01 August 2024 In general accounting practice, the interest cost on a Letter of Credit (LC) is not added to the carrying value of inventory. Here’s why and the relevant references:

### **Principle and References:**

1. **Nature of LC Interest Cost:**
- **Interest on LC:** The interest on an LC is considered a financing cost or borrowing cost, not a cost directly attributable to the production or acquisition of inventory. It is related to the cost of financing rather than the cost of purchasing or producing inventory.

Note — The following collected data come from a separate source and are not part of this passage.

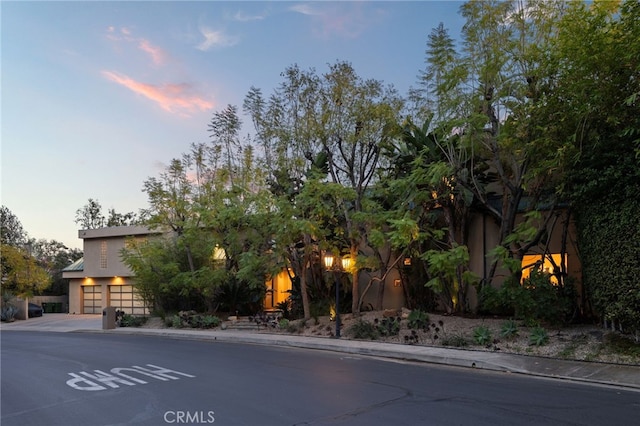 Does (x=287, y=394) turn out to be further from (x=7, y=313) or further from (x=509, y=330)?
(x=7, y=313)

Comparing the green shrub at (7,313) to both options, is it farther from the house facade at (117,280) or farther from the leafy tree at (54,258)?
the leafy tree at (54,258)

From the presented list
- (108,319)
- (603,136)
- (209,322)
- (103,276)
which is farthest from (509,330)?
(103,276)

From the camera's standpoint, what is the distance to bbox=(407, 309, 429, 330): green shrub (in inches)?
661

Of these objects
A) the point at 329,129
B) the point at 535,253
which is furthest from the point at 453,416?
the point at 329,129

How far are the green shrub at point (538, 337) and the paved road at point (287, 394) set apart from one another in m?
3.05

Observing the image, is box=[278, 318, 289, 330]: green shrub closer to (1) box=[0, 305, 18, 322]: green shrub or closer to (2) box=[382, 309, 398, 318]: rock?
(2) box=[382, 309, 398, 318]: rock

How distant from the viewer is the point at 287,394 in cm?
862

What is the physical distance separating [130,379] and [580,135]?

2. **Accounting Standards:**
- **India:** Under **Indian Accounting Standards (Ind AS) 2 - Inventories**, costs that are included in the carrying amount of inventories are those that are directly attributable to bringing the inventories to their present location and condition. This generally includes:
- Costs of purchase (including import duties and transport costs)
- Costs of conversion (including labor and manufacturing overheads)
- Other costs incurred in bringing the inventories to their present location and condition

- **International:** According to **International Accounting Standard (IAS) 2 - Inventories**, similar principles apply. Only costs that are directly attributable to the acquisition or production of inventories are included in their carrying amount. Interest or financing costs are typically excluded.

3. **Specific Guidance:**
- Interest costs related to obtaining financing (such as LC interest) are usually treated as finance costs. They are not included in the cost of inventory but are expensed as incurred or capitalized in accordance with the relevant accounting standards dealing with borrowing costs.

4. **Relevant Guidance:**
- **Ind AS 23 - Borrowing Costs** (for India): This standard specifies that borrowing costs that are directly attributable to the acquisition, construction, or production of a qualifying asset (such as inventories) can be capitalized. However, the LC interest in your case does not directly relate to the production or acquisition of inventory but rather to the financing of purchases. Therefore, it would typically be expensed.

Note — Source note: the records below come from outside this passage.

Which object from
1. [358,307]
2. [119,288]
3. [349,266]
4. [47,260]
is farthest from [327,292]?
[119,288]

- **IAS 23 - Borrowing Costs**: Similar to Ind AS 23, this standard allows for the capitalization of borrowing costs that are directly attributable to the acquisition, construction, or production of qualifying assets. Since LC interest is considered a general financing cost, it would not usually be included in inventory costs.

### **Conclusion:**

The interest cost on an LC should generally **not** be added to the carrying value of inventory. Instead, it should be recognized as a finance cost in the income statement. The cost of inventory should only include direct costs such as purchase costs, conversion costs, and other costs directly attributable to bringing the inventory to its present location and condition.

If the interest cost is being added to inventory, it may not align with the standard accounting principles unless specifically directed by industry practices or specific contractual terms that require such treatment. Always ensure compliance with the relevant accounting standards and consult with a professional accountant or auditor if in doubt.